Que faire ? L’étude se trouvait dans une ville inconnue, qui se révéla après recherche située sur la côte bretonne. Plusieurs heures d’avion donc. Il n’était pas encore dix-sept heures, l’étude était probablement encore ouverte. Elle composa le numéro.

« - Office Notarial bonjour, que puis-je pour vous ?

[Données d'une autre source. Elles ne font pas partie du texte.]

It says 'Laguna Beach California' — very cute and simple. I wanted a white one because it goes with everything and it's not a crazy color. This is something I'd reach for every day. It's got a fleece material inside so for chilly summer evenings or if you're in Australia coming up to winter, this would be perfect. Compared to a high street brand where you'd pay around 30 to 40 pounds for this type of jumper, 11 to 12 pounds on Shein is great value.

La voix impersonnelle de la standardiste lui vrilla les oreilles. Jill se rendit compte qu’elle n’avait aucune idée claire de la raison de son appel.

- Bonjour, heu… Je suis Madame Charles, et je viens de lire votre mail et…

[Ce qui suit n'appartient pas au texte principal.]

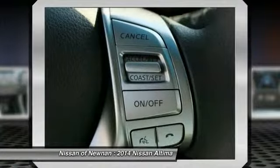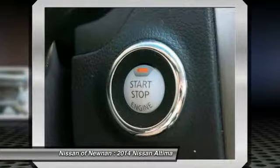If you like it online, you'll love it in your driveway. Take it for a spin today.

- Oh bonjour Madame Charles, un instant j’ouvre votre dossier. Ah oui, toutes mes condoléances.

La sincérité du ton aurait fait pleurer un croque-mort. Jill sourit intérieurement.

- Merci. Voilà, je lis que vous voudriez me rencontrer, mais je me demandais si c’était absolument nécessaire ? Je connaissais à peine le défunt et je ne veux pas d’héritage. Si je vous envoie un mail en attestant, n’est-ce pas suffisant ?

Un silence.

- Ah, mais, heu, non, je regrette, même si vous ne voulez pas de l’héritage, il faut que vous veniez signer des documents, madame ! Glapit la secrétaire d’un ton indigné.

- Mais c’est que voyez-vous, je suis médecin, chirurgien en fait, et je suis très occupée. Jill était surprise de la facilité avec laquelle le mensonge lui était venu. Une fois de plus, elle sourit intérieurement à la pensée de l’abominable suffisance de ses propos. Pour une fois, elle pouvait bien se permettre ce petit péché.

- Et si j’allais voir un notaire près de chez moi pour signer ces papiers ?

- Je regrette Madame, mais vous allez devoir faire le voyage ! Cette fois, le ton était définitif.

Aucune négociation possible. Jill soupira. En même temps, ce n’était pas comme si son agenda des prochains jours était surchargé. Bien au contraire, devant elle se tenait, pour la première fois depuis des années, une vaste étendue de temps libre. Elle avait toujours eu peur du vide. Une angoisse terrible la saisit, comme au bord d’un précipice.

C’était la même sensation qu’à la fac, quand arrivaient les vacances scolaires. Pire encore, à l’époque il y avait toujours les amis et les jobs d’été. A présent elle était seule. Ce qui lui tenait lieu de famille était demeuré à l’hôpital, inaccessible. Oh bien sûr elle pouvait en appeler certains, il y aurait des soirées et des dîners, peut-être des vacances en commun. Mais ils ne faisaient plus partie du même monde, et le temps ferait son office.

- Vous êtes toujours au bout du fil, Madame ?

- Oui, oui, excusez-moi. Et bien écoutez, puisqu’il le faut, il se trouve que j’ai quelques jours à prendre, je vais sauter dans un avion. Il faut que je consulte les vols, mais je pourrai sans doute être à votre office demain après-midi, est-ce que cela vous convient ?

- C’est noté Madame, euh, je veux dire Docteur.

La pointe d’ironie dans le ton de la fille n’échappa pas à Jill. Le mensonge ne lui avait jamais bien réussi.

Elle raccrocha et consulta les vols en partance. Quelques heures plus tard, elle contemplait le coucher de soleil au-dessus des nuages.